» ACTIVITY: Give every entry below again, exactly as written, and skip the images.

» EXERCISE INPUTS:
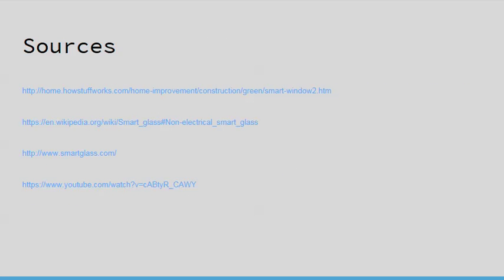That concludes our presentation on suspended particle devices. Here's a list of our sources used for the information in this presentation. Thanks for listening.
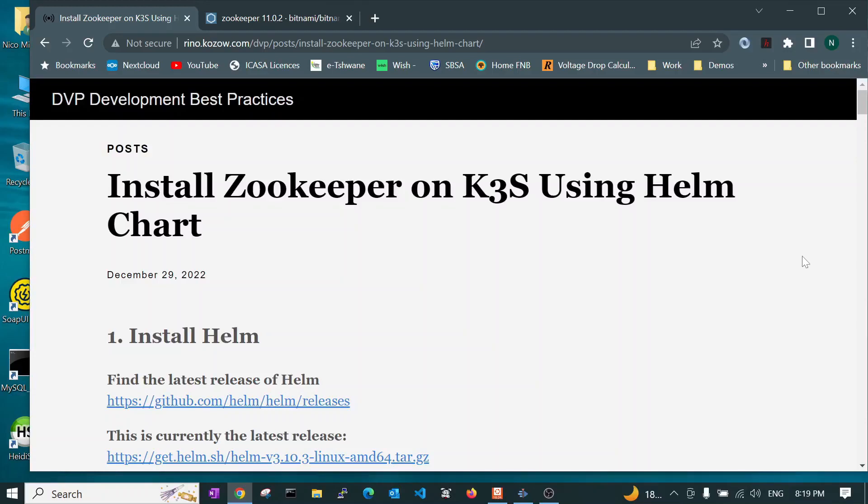Hi there. In this video, we are going to show you how to use Helm charts to deploy applications on the K3S Rancher Kubernetes cluster. The procedure that we are going to show you will work for other applications, not only for Zookeeper, but this is an example that's fully documented.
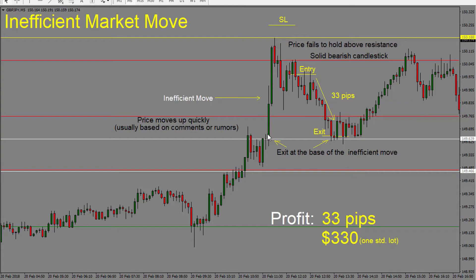First, we look for the inefficient move, then we make sure price fails to break above the high — it must make a lower high. If price breaks the high, there is no setup or the setup has failed and we exit the trade. But once we see price is not able to break resistance and we get a solid candle close, we enter the trade short and stay with it until it reaches the base of the move where price released to the upside. We enter our take profit target right when we enter the trade. In this case, from entry to exit, we got 33 pips — a profit of $330 trading one standard lot.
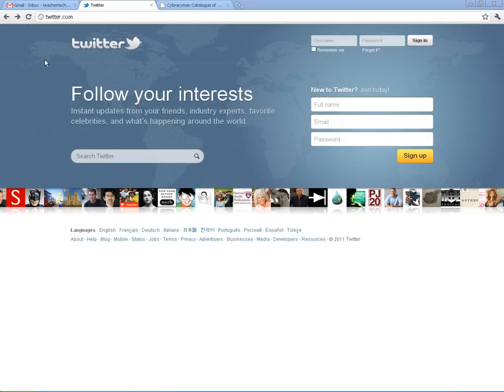Welcome to Twitter, located at twitter.com. By now I'm sure you've heard of Twitter over the past few years. It's certainly grown in popularity.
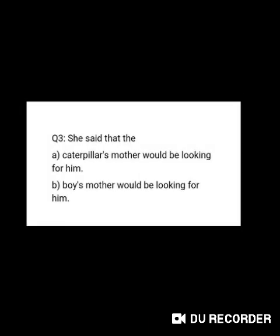Now, question number three. She said that — A. caterpillar's mother would be looking for him, B. boy's mother would be looking for him. I am waiting for your answer. Very good. It is caterpillar's mother would be looking for him.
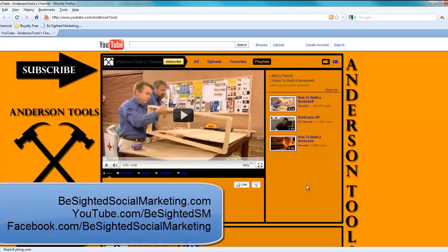To see more YouTube videos, you can visit our YouTube channel at YouTube.com forward slash B-Sided SM. Our website, B-SidedSocialMarketing.com. Or, you can come to our Facebook page to give suggestions for new videos or comment on current videos that you would like to see posted.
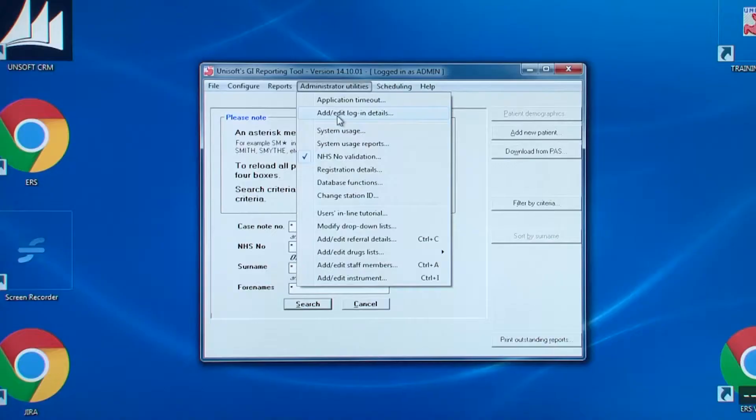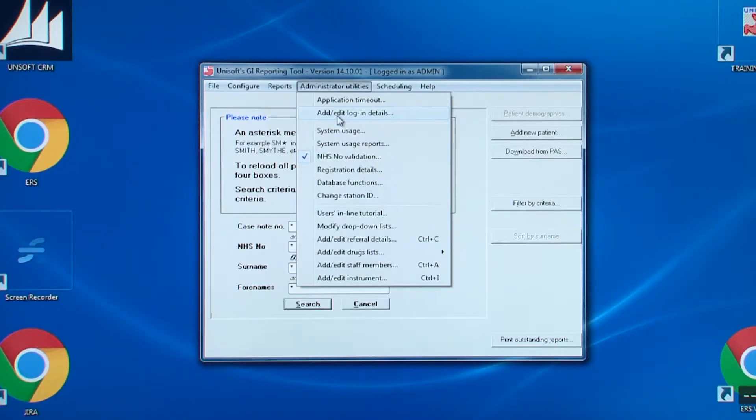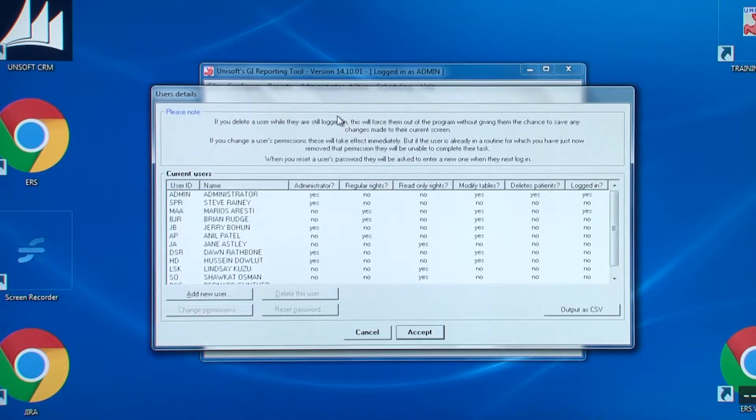So there is an entry in the administrator utilities menu for adding staff members. There is also one final entry. This is for adding and editing the referring consultants, many of whom may not require logins. So back to the screen, this is the entry for adding logins.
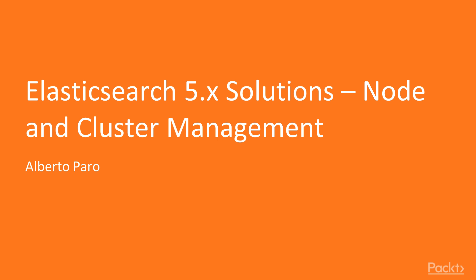Welcome to Elasticsearch 5.x Solutions, Node and Cluster Management by Alberto Parro, a video course by Packt Publishing. I am Eddie Leonard and I will be the voiceover artist for this course.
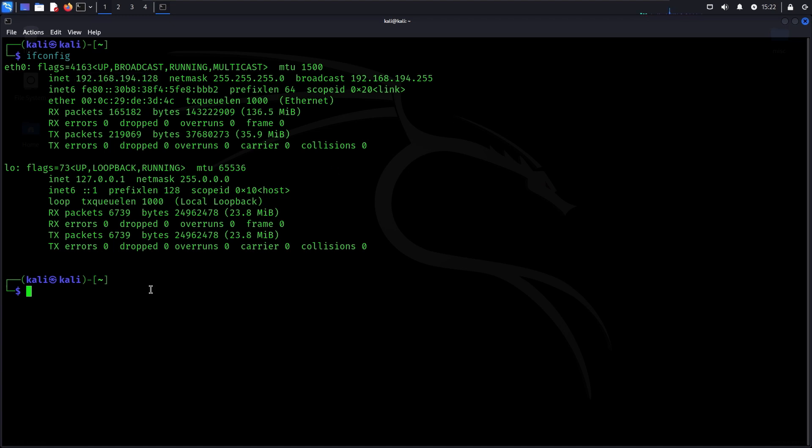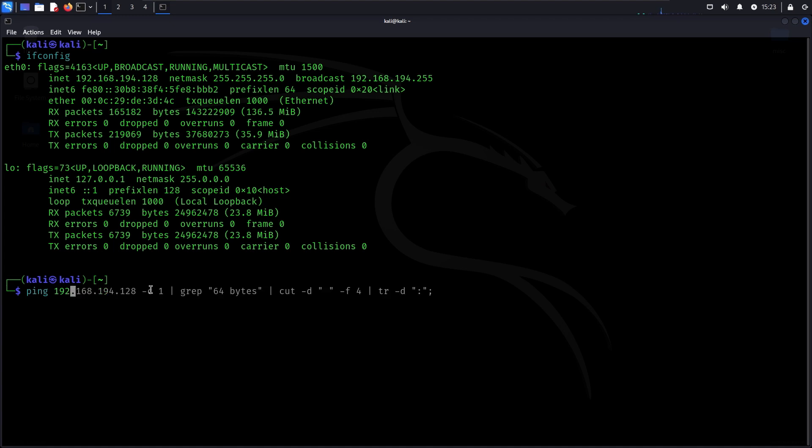Now we will use the command ping with the IP of host to ping the target. Pinging is commonly done to check if there is a connection possible, and if the host is even up.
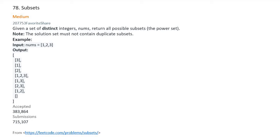Hello, today I'm going to solve problem 78: Subsets. Let me read the problem. Given a set of distinct integers nums, return all possible subsets which is called the power set. Note: the solution set must not contain duplicate subsets.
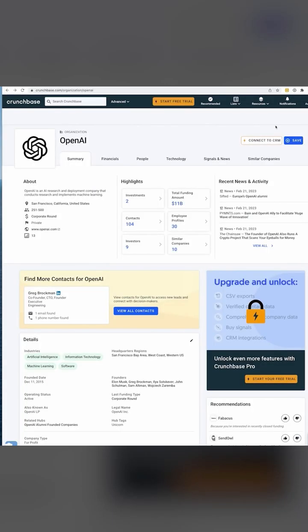First, a bit of background. Crunchbase has a huge database of startups. Using free Crunchbase data, you can find useful company, market, investment, acquisition, or funding data about any company.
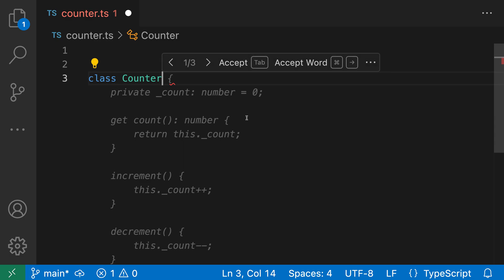What you might not realize though is that Copilot actually generates multiple different suggestions in many cases. So let's say we're looking at the current suggestion and it's not quite what we're looking for. In this case, we can hover over the currently suggested text, which is shown as faded out here, and you should see this little toolbar show up on top of the suggestion.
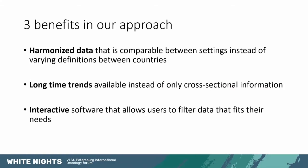The third benefit is that our software is interactive allowing users to filter data that fits their particular needs. For example, looking at a certain age group or certain year or so on.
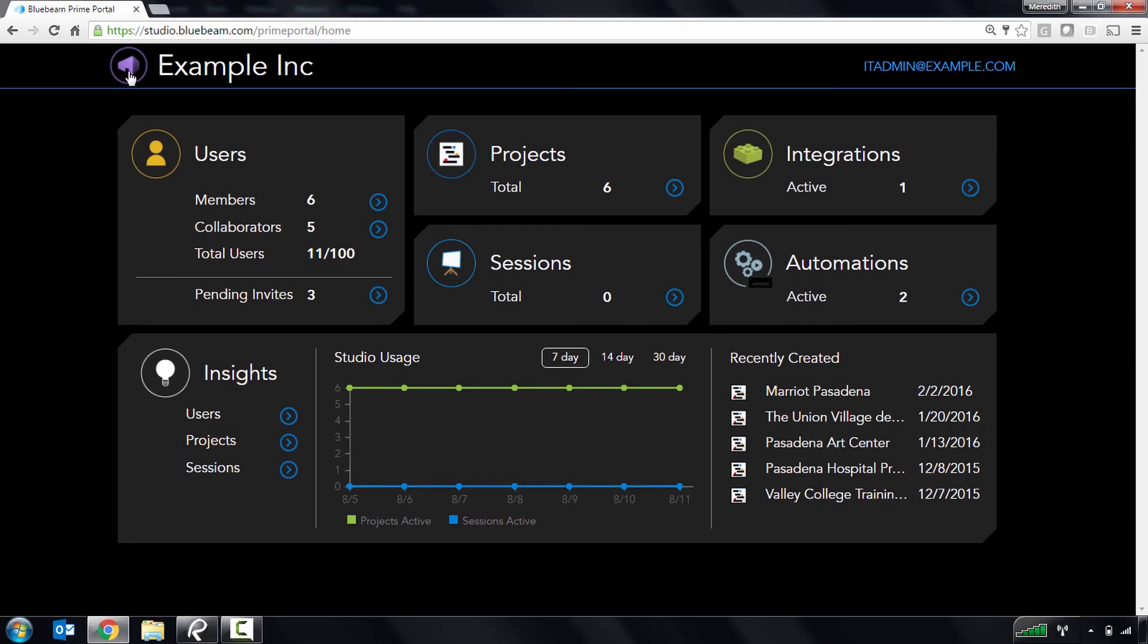That wraps up this quick overview of Studio Prime's core functionality. While simple, Studio Prime is a powerful tool that will give you better control over your data and who has access to it. Thank you for watching, and I hope you have a great day.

» EXERCISE ANSWER:
That concludes our presentation on suspended particle devices. Here's a list of our sources used for the information in this presentation. Thanks for listening.
Hi there. In this video, we are going to show you how to use Helm charts to deploy applications on the K3S Rancher Kubernetes cluster. The procedure that we are going to show you will work for other applications, not only for Zookeeper, but this is an example that's fully documented.
First, we look for the inefficient move, then we make sure price fails to break above the high — it must make a lower high. If price breaks the high, there is no setup or the setup has failed and we exit the trade. But once we see price is not able to break resistance and we get a solid candle close, we enter the trade short and stay with it until it reaches the base of the move where price released to the upside. We enter our take profit target right when we enter the trade. In this case, from entry to exit, we got 33 pips — a profit of $330 trading one standard lot.
Welcome to Twitter, located at twitter.com. By now I'm sure you've heard of Twitter over the past few years. It's certainly grown in popularity.
Now, question number three. She said that — A. caterpillar's mother would be looking for him, B. boy's mother would be looking for him. I am waiting for your answer. Very good. It is caterpillar's mother would be looking for him.
To see more YouTube videos, you can visit our YouTube channel at YouTube.com forward slash B-Sided SM. Our website, B-SidedSocialMarketing.com. Or, you can come to our Facebook page to give suggestions for new videos or comment on current videos that you would like to see posted.
So there is an entry in the administrator utilities menu for adding staff members. There is also one final entry. This is for adding and editing the referring consultants, many of whom may not require logins. So back to the screen, this is the entry for adding logins.
Welcome to Elasticsearch 5.x Solutions, Node and Cluster Management by Alberto Parro, a video course by Packt Publishing. I am Eddie Leonard and I will be the voiceover artist for this course.
Now we will use the command ping with the IP of host to ping the target. Pinging is commonly done to check if there is a connection possible, and if the host is even up.
Hello, today I'm going to solve problem 78: Subsets. Let me read the problem. Given a set of distinct integers nums, return all possible subsets which is called the power set. Note: the solution set must not contain duplicate subsets.
First, a bit of background. Crunchbase has a huge database of startups. Using free Crunchbase data, you can find useful company, market, investment, acquisition, or funding data about any company.
What you might not realize though is that Copilot actually generates multiple different suggestions in many cases. So let's say we're looking at the current suggestion and it's not quite what we're looking for. In this case, we can hover over the currently suggested text, which is shown as faded out here, and you should see this little toolbar show up on top of the suggestion.
The third benefit is that our software is interactive allowing users to filter data that fits their particular needs. For example, looking at a certain age group or certain year or so on.
That wraps up this quick overview of Studio Prime's core functionality. While simple, Studio Prime is a powerful tool that will give you better control over your data and who has access to it. Thank you for watching, and I hope you have a great day.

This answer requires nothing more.